Offerings In The Park

There’s a park a couple blocks from my apartment. It’s a pretty standard park, as far as city parks go. It’s got a track for running, some picnic tables, and a small water park which only gets used in August. The park as a few trees around the boarder, some Japanese plum trees and a small grove of cedar, which only really seems to get used as a bathroom stop by young children who’s parents are too lazy to take them to the restrooms. Yet despite the suburbanites overhaul of this once wild and free corner of the neighbourhood, there is still something magickal about the park: it backs onto a forest.

The gateway to the Wild North on the eve of my offering.

The gateway to the Wild North on the eve of my offering.

And not just a forest, the forest, for the trees that trickle down the north side of the park, protecting a small gully with a creek running through it, is one of the southern-most appendages of the Wild North. You can follow this creek (aptly named Mosquito Creek) and it’s tree guardians all the way up into the mountains. So while it’s not a private grove where I can meditate in solitude, it’s still connected to the land that I love. And on a cool, sunny evening in the throws of the new growth of spring, I felt it was a good time to give thanks to the land that sustains me.

I wasn't sure what species this plant was, but the mauve and light green caught my eye and I had to stop and appreciate it.

I wasn’t sure what this plant was, but the mauve and light green caught my eye and I had to stop and appreciate it.

Behind the fence in the “no go” area, I found a young rowan tree growing alongside an ancient pine. The ground was covered in a layer of dead oak leaves (although I couldn’t find any nearby oak trees) of which the dandelions were breaking through and glowing in the setting sun. There was a young huckleberry bush, fiddlehead ferns, and a wild rose bush. It was beautiful.

Young rowan, vibrant with new growth.

Young rowan, vibrant with new growth.

I knelt by the base of the rowan and pine and placed my hands on their trunks. The smooth skin of the rowan contrasted so starkly with the rough, knotted pine bark, which was sticky with rising sap. I was losing light and the early spring coolness of evening was setting in, so I quietly thanked the spirits of the forest and the guardians of my Wild North. I left behind a stalk of wheat from my own garden and a tiger’s eye gem.

A Tiger's Eye gemstone and a stalk of wheat from my own garden; an offering to the spirits of the forest threshold.

A Tiger’s Eye gemstone and a stalk of wheat from my own garden; an offering to the spirits of the forest threshold.

I grow ceremonial wheat in my herb garden. Every year, I plant a small handful of seeds saved for the previous years crop. This way I always have an abundance of offerings for the spirits that are infused with my energy, love, and commitment.

I grow ceremonial wheat in my herb garden. Every year, I plant a small handful of seeds saved from the previous years crop. This way I always have an abundance of offerings for the spirits that are infused with my energy, love, and commitment.
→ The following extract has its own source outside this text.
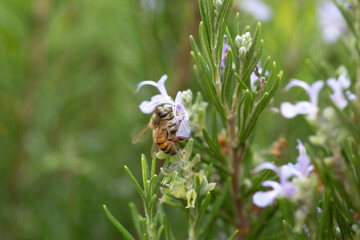 Honey bee latin american insect in a flower picking up polen and flying bee keeping hive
As I was walking back towards the car, the sun broke through the low branches of the pine ridge, illuminating a cherry tree which was just starting to bloom. It was nothing short of breathtaking; a sign, I hope, that my offering was accepted and a blessing bestowed.

The Pine Guardians, protectors of the Wild North.

The Pine Guardians, protectors of the Wild North.

Cherry blossoms in evening sunlight - the perfect blessing.

Cherry blossoms in evening sunlight – the perfect blessing.

May you, dear reader, find a moment of equal spiritual nourishment in the near future.